More! There is one of Ginger at her post (by the window so she can bark!)


----------



## Pamela (Sep 9, 2008)

Well as you can see I need more practice at this! but my shoulder is killing me now from using the mouse! so gotta go rest it! enjoy the and any advice welcom!


----------



## Sam I Am (Jul 6, 2008)

They look great!! Teddy has very sweet eyes and Ginger's say exactly how she feels about the whole camera thing. LOL!!


----------



## SECRETO (Aug 20, 2008)

Great pics! Teddy is soo cute and very photogenic. You can sure tell Ginger was not thrilled about it. lol 

Teddy really is a doll!


----------



## Michelle Underwood (Aug 15, 2008)

They are beautiful!


----------



## CurlyDog (Aug 20, 2008)

Great shots! They are gorgeous dogs. I've found that it is difficult to get the red eye out of dogs' eyes sometimes. The software I have isn't as effective on dogs as on people. I wind up using Photoshop's clone tool to do it. If you have a special picture that you want to print, I'm sure mercymoon or I can tweak it for you.


----------



## Jako (Mar 4, 2008)

Teddie is so sweet!


----------



## IPP (Nov 29, 2008)

Oh they look great...I love Teddy's color! 

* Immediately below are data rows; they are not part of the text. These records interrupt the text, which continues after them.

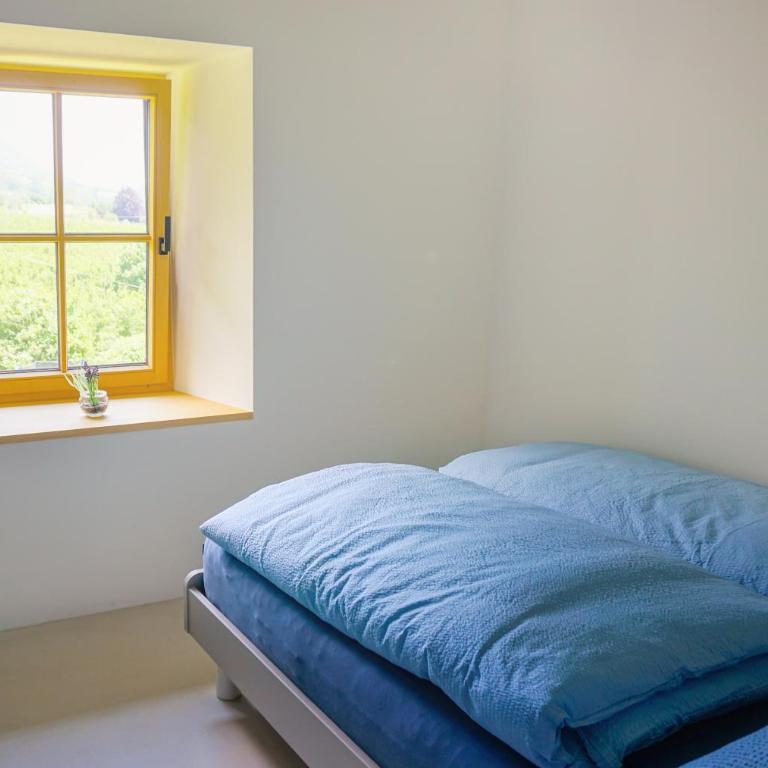 Mareinhof Vetzan-Apples,apartments&more - Appartamento con 2 Camere da Letto - 20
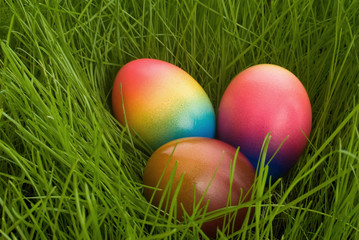 easter eggs in green grass
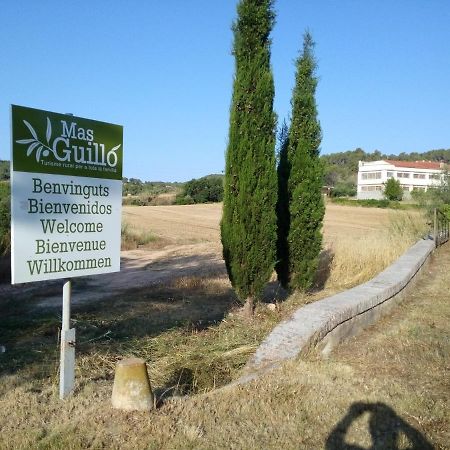 La Nursery De Mas Guillo San Quintín de Mediona المظهر الخارجي الصورة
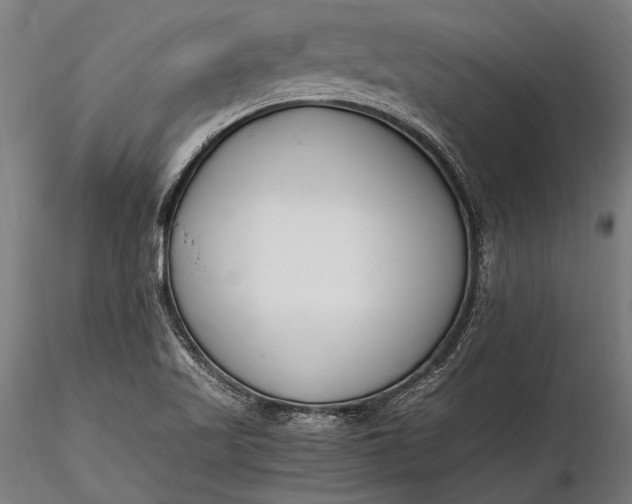 X0000116291509200912141259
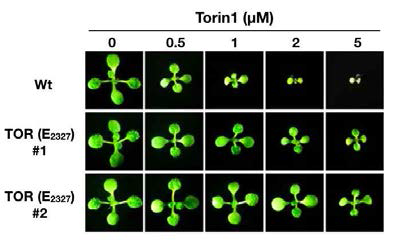 TOR 점 돌연변이 (E2327K)를 발현하는 형질전환 식물들은 TOR inhibitor에 대한 저항성을 보임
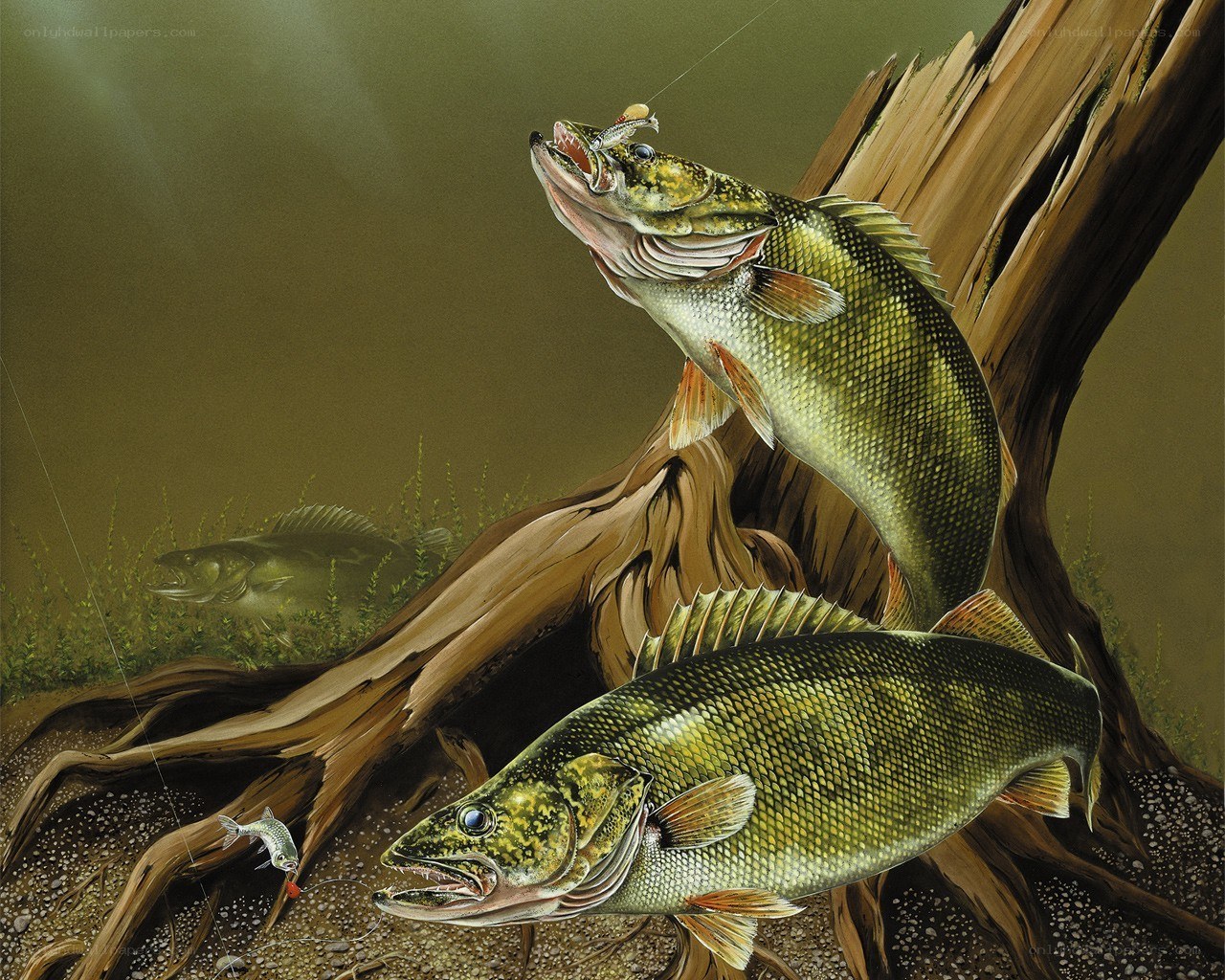 Walleye fish hunting underwater
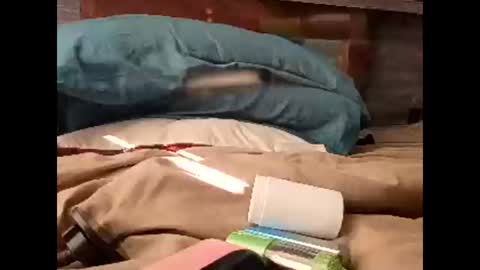 Nastyguurl online show from 30, 3, 2026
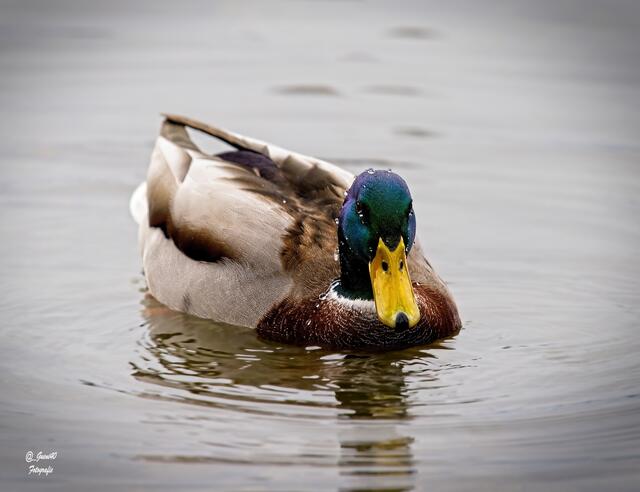 ........die Wasserperlen sind am Haupt stehen geblieben ....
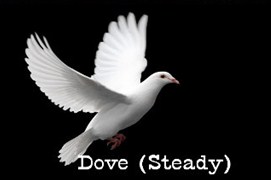Picture of a dove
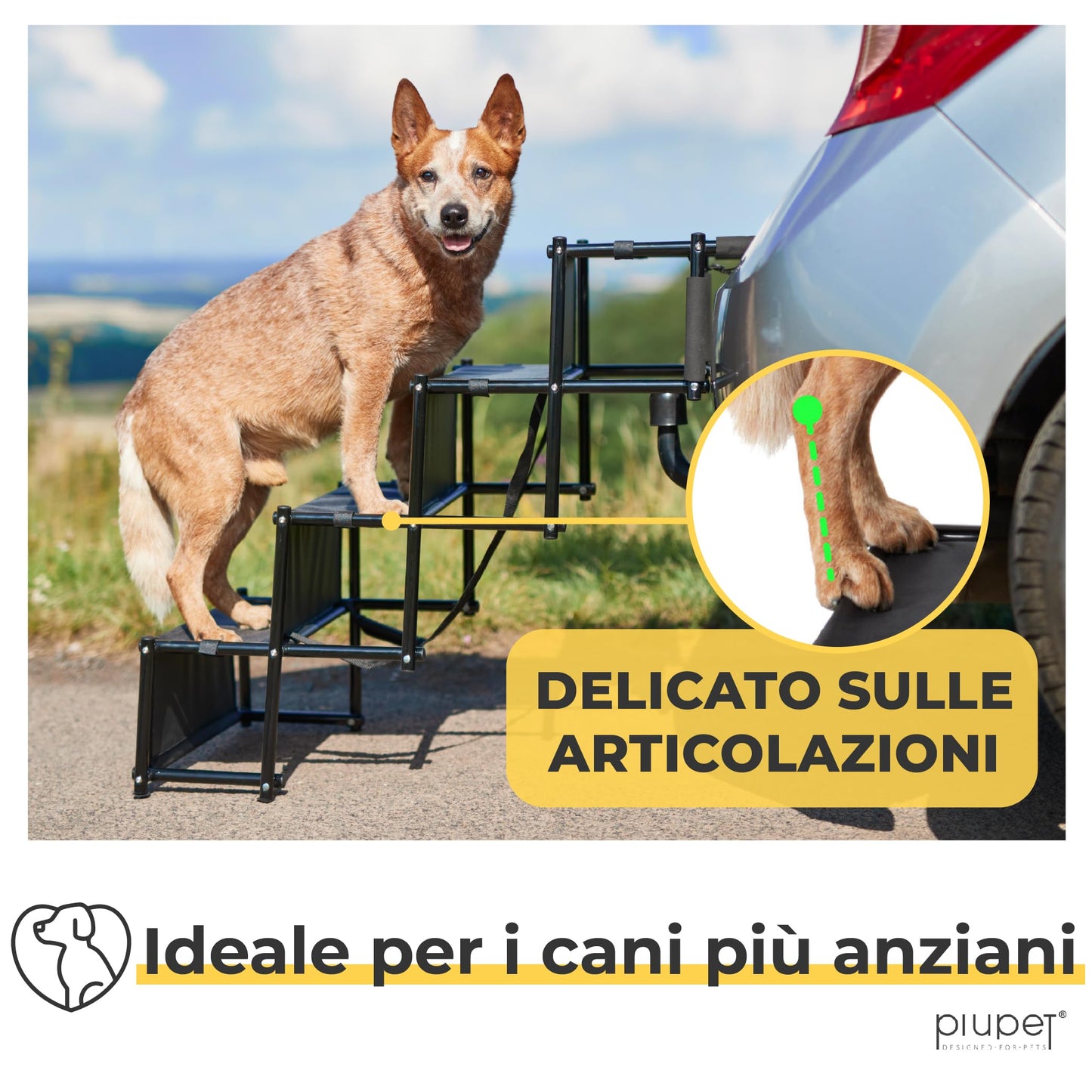 PiuPet® Rampa per Cani I Fino a 80 kg I Utilizzabile per Tutti i Veicoli I Grandi e Piccoli Cani I Scaletta per Cani Pieghevole I Scaletta Cani | Rampe per Auto | Gradini per Cani | Rampe di Carico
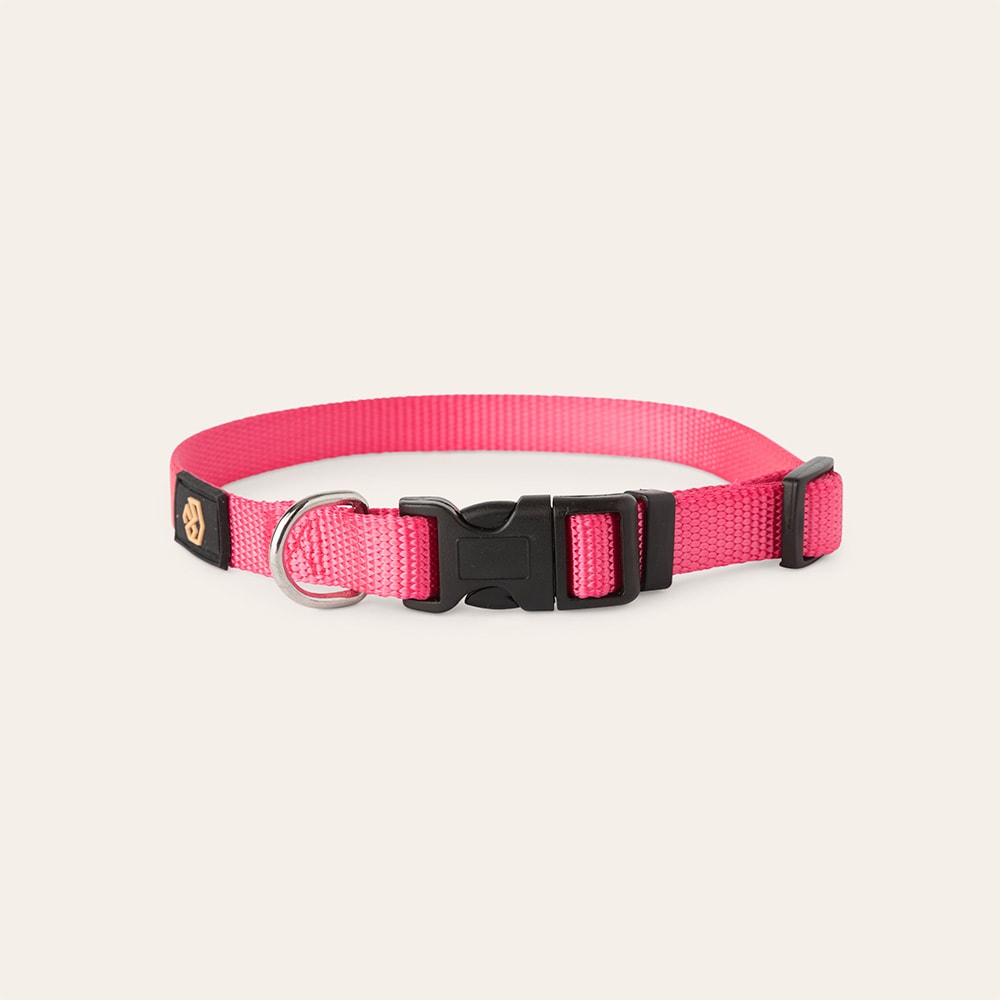 Halsbånd Hund Colour 2.0 traxx®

Some of my guys are the same way about the camera...most shots are of them running the other way! 

I end up taking 20 pictures and deleting over half that are either too fuzzy or there is no subject in the picture anymore...it ran in another room!:banghead:


----------



## Pamela (Sep 9, 2008)

Thanks you guys! I had fun doint this! Next time maybe I will pose them on my bed - on a sunny day when light coming in. Have to ask my son to borrow camera again!


----------



## Purple Poodle (May 5, 2008)

Aww they both look great!


----------



## FUZBUTZ (Aug 23, 2008)

Fabulous looking dogs. Never saw Teddy looking so great and I especially like the pic of Ginger on top of the crate. Looks like this cut will be not to hard to manage, while your shoulder is hurting. I think you did a great job taking these pictures. Taking pictures of animals is not easy, they never seem to want to cooperate.


----------



## Pamela (Sep 9, 2008)

FUZBUTZ said:


> Fabulous looking dogs. Never saw Teddy looking so great and I especially like the pic of Ginger on top of the crate. Looks like this cut will be not to hard to manage, while your shoulder is hurting. I think you did a great job taking these pictures. Taking pictures of animals is not easy, they never seem to want to cooperate.


Thanks! I wore myself out but I forgot to post th epix in the snowuits so I will do.:whoo:


----------



## WonderPup (Oct 26, 2008)

What pretty babies you have. I love that first picture of Ginger. It's like she's saying "lalalalalalala you aren't hheeeerrreeee, lalalalala"


----------



## mercymoon (Aug 29, 2008)

Wow, I think Teddy is gorgeous! Oh, I love Silvers! :drool:

Great pictures of your gang! Maybe you will get a digital
camera for Christmas so you can post more pictures for us
every now and then! :lol:


----------



## Gigit (Oct 13, 2008)

He has a really sweet face, very "puppy" like and sweet in the way he looks at the camera.


----------



## Pamela (Sep 9, 2008)

Gigit said:


> He has a really sweet face, very "puppy" like and sweet in the way he looks at the camera.


Yes he is the forever puppy - lol always in puppy mode.


----------



## Yorkiecrazy (Jun 17, 2008)

Oh, I love the pictures! You can just see Teddy's personality coming though in the pictures what a happy go lucky additued.
Ginger is very pretty. I can also see she hates her picture being taken. You will have to be very sneaky with her. lol
Sorry about your shoulder. I hope it feels better soon.


----------



## Pamela (Sep 9, 2008)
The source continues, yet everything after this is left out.